The etymological root of the binomial name Lonicera is named after a German naturalist, Adam Lonitzer, of the 16th century. Nitida is derived from the Latin nitidus ’shining’ or ‘bright’, referring to the leaves.

Lonicera nitida 'Baggesens Gold' (03/12/2011, London)

Lonicera nitida 'Baggesens Gold' (03/12/2011, London)

The landscape architect may find Lonicera nitida ‘Baggesen’s Gold’ useful as a robust ground cover plant and is particularly useful when planted en mass when low maintenance is required. It may be used as a dense hedging plant.
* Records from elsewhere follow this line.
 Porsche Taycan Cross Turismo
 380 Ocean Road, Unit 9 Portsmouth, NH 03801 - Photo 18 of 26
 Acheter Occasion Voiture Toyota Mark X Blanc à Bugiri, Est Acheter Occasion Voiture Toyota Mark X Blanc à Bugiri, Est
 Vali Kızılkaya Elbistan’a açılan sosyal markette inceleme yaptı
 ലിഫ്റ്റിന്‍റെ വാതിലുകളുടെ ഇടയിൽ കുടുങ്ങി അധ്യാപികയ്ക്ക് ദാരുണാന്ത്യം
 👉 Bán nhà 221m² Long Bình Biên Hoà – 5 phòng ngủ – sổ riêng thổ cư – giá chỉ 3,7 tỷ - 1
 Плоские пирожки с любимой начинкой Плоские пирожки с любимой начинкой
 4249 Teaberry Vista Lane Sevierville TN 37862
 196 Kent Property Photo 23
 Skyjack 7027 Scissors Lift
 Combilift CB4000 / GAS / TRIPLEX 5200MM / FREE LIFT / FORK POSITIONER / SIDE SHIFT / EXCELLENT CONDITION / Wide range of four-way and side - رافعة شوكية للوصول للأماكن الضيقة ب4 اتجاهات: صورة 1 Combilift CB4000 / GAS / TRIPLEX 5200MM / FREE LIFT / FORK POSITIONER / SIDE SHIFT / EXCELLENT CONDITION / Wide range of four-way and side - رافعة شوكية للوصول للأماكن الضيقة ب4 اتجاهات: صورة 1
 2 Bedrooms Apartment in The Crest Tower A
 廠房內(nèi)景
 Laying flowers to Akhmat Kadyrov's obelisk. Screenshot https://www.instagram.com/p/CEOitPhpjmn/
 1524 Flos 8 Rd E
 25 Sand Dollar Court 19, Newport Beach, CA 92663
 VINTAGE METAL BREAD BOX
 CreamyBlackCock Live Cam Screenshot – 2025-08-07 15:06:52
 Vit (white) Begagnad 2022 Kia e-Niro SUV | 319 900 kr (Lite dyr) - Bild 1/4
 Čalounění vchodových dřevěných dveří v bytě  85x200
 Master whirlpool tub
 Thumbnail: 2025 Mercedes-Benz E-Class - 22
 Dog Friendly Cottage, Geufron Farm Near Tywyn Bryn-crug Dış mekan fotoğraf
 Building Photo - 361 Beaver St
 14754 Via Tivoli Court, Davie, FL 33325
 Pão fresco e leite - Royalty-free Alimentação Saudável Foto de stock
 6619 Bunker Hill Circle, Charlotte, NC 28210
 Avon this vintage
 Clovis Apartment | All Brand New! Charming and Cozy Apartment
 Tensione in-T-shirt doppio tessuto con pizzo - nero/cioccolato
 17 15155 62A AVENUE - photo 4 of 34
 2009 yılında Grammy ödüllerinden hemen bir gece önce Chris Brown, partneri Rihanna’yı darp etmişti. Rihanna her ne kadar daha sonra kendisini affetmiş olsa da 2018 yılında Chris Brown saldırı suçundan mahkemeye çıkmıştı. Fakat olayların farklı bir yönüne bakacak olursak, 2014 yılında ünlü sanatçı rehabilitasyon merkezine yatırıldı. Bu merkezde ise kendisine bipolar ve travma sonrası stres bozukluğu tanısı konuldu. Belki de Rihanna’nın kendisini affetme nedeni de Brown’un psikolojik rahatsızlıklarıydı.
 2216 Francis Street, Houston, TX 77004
It is drought tolerant once established and will tolerate maritime conditions.

Ecologically, this plant attracts birds for its fruit and small birds use its dense habit for nesting. Insects to pollinate its flowers.

The Royal Horticultural Society has given L.nitida ‘Baggesens Gold’ their it prestigious award of Garden Merit in 1993.

L.nitida ‘Baggesens Gold’ prefers most fertile well drained soils. It will tolerate most pH of soils, including chalky.

Maintenance: This plant requires little maintenance. If maintained as a hedge, it should be clipped three times a year to maintain its shape.